Well, first off, see Purkett v Elem (it’s ok to dismiss a juror because the prosecutor doesn’t like their hairstyle), and Missouri v McFadden (it’s ok to dismiss a juror because she has “crazy looking red hair”), and while I don’t think your higher rent for green haired people has law been litigated yet, I don’t know that it’s 100% certain it would be overturned. It might be, though. But I will say that overturning based on the rational basis test almost never happens. The only cases I can think of off the top of my head where it did happen were Clairburne and Romer, and I don’t think there are that many more.
But I think you’re missing my point. The point I’m trying to make is that people who argue that laws discriminating against gay people should be struck down under equal protection tend to know that under a rational basis test they won’t be. They argue that they should be struck down under equal protection because they believe that sexual orientation should be held to a higher standard than rational basis.
Anyone who has read gay literature or even the news knows that gay activists have made calls for gay parents to participate in studies so they can end any claims that gay is bad for kids. The fact the call is made is reason to believe it MIGHT be answered.
When you treat my opinion as a fact and try to make me look stupid by demolishing the “fact,” you have absolutely no respect for an opinion. If you respect my right to assert my opinion, you treat it as an opinion and say your opinion is different.
Thanks for recognizing the agenda. After recognizing it rather than denying, it is now possible to debate whether that agenda is good or bad.
BTW I support the gay agenda almost all the way. But I will not accept a mockery of procreation to be treated as such. When you try to tell me that gay sex is the same thing as straight sex, that’s a mockery.
Like a shack with nothing going on that is claimed to be a ford factory, it mocks the ford factory.
Why won’t you recognize that the inability to have children is a significant difference between straights and gays? Generally.
There is no evidence or logical train of thought to suggest that gay marriage would be harmful to the institution of marriage.

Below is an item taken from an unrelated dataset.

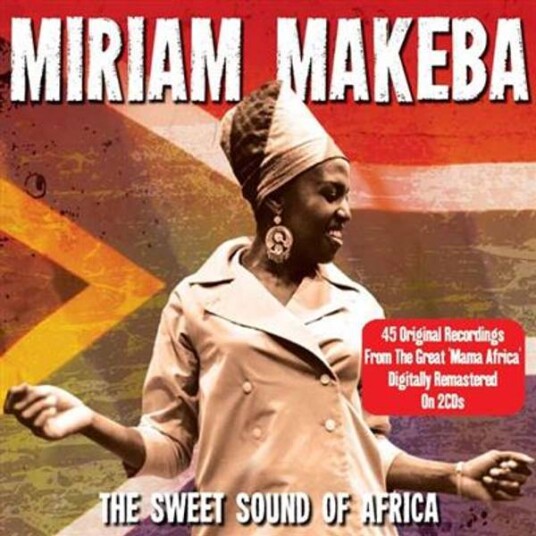 Miriam Makeba - Sweet Sound Of Africa (2CD)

Even if extending marriage benefits and definition to include SSM represents a change to marriage, the claim that such a change would harm the institution of marriage is the extraordinary one.
That is the claim that requires defending and evidence.
Whether marriage is deteriorating, whether there is a gay agenda to promote child rearing and gay marriage, whether the history of marriage is to promote and protect child rearing, whether gays are a protected class etc are all incidental and distractors to the real question. The real question is: in what concrete way does allowing gay people to marry harm straight marriage? There is none.
Maybe you are missing the point that it fails under strict scrutiny as well.
I utterly fail to see why you think juror dismissal cases have precedent to argue equal protection. Is it your position that dismissed jurors are a suspect class?
At any rate, in my opinion those are ridiculous opinions, people with dyed hair can think as well as any ordinary person.
Of course there’s no law like that. I made it up as an example. I didn’t use any group actually in existence that is persecuted to avoid bringing up all the people spouting off about in favor or against, but chose something ridiculous so that everyone would agree. I guess I was wrong, ha ha.
This mockery of procreation stuff is a red herring, just like I said a few posts up, and has absolutely nothing to do with the question of whether or not gay marriage should be legalized. If you want to discuss whether or not gay sex “mocks procreation”, feel free start a new thread on that – which, by the way, I think would go very well for you, so you should totally do that.